Hey everyone, Lewis here — and I want to ask you something before we even get started.
When someone asks what’s wrong with your speech, what do you say?
Do you wave it off? Say “I had a stroke” and leave it there, hoping they stop asking? Maybe you mumble something about a medical thing and change the subject as fast as you can? I did all of that. For a long time, I was fluent in vague. I had a whole vocabulary built around not quite saying it — and I didn’t even realize it was costing me something every single time.
Then one day, I just said it plain.
I have dysarthria. I have ataxia. I have double vision.
And something shifted.
What Happens When You Name It
There is a thing that happens in the space between knowing something and saying it out loud. Knowing it keeps it inside you, where it can grow and mutate and take up way more room than it deserves. Saying it out loud — clearly, without apology, without a lowered voice — that does something different. It makes the thing real, yes. But it also makes you real in relation to it.

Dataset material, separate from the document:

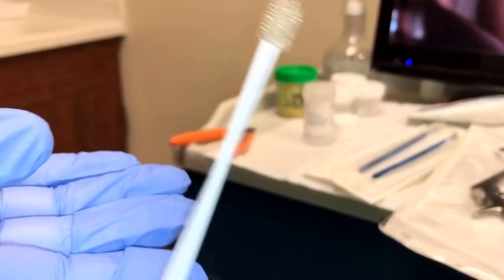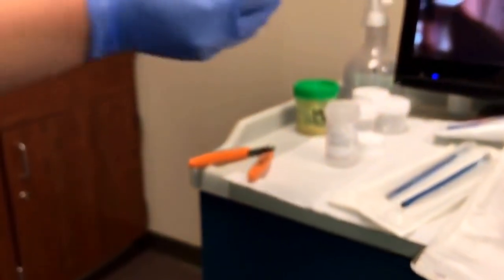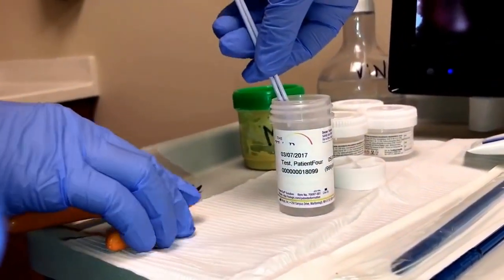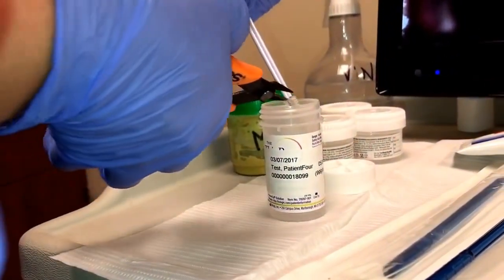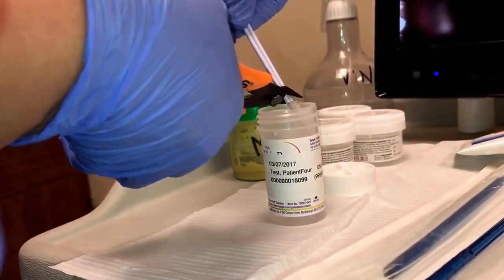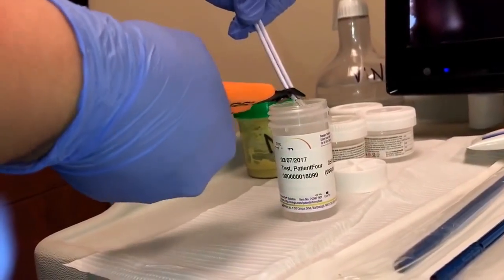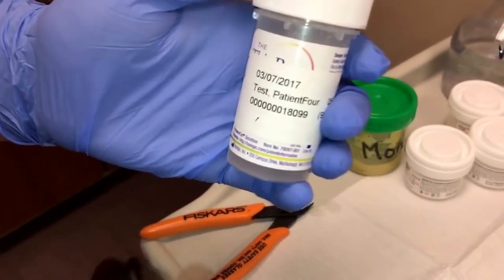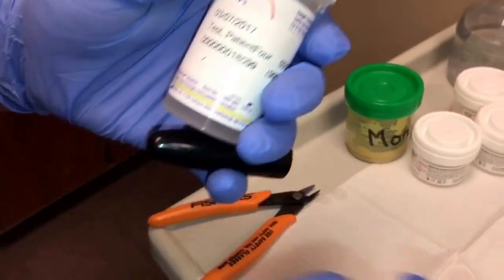After the ECC biopsies have been collected, they will be passed to the MA, where they will be placed into the thin prep vial and then cut with the wire cutters. When that has been cut and the vial is closed, it will be labeled ECC.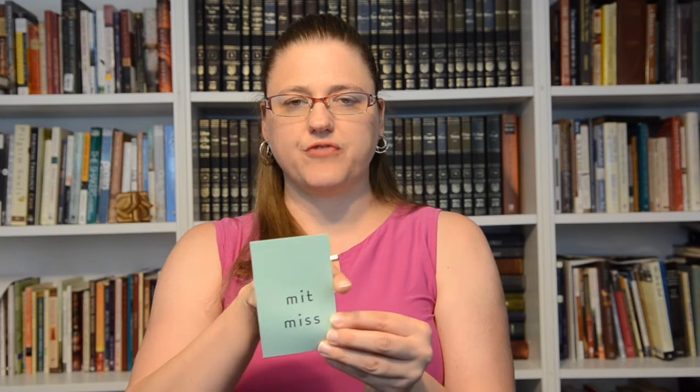Root 'mit/miss': submit — to send forth. For 'to send forth,' you take your left hand and you send something away from you.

I stopped being a guy with “some speech stuff from the stroke.” I became a man with dysarthria — which is a neurological motor speech disorder, by the way, not a personality quirk, not nervousness, not something a glass of water fixes. I became a man with ataxia — which is why my hands do what they do, why my balance works the way it works, why some days are harder than others for reasons that have a name now. I became a man with double vision — which is why certain environments light me up like a pinball machine from the inside.
Naming those things didn’t defeat me. It freed me.
Here’s what I think is actually happening when we refuse to name our disabilities: we’re trying to protect ourselves from the weight of other people’s reactions. If I say it, they might look at me differently. If I say it, it becomes more real. If I say it, I’m admitting something.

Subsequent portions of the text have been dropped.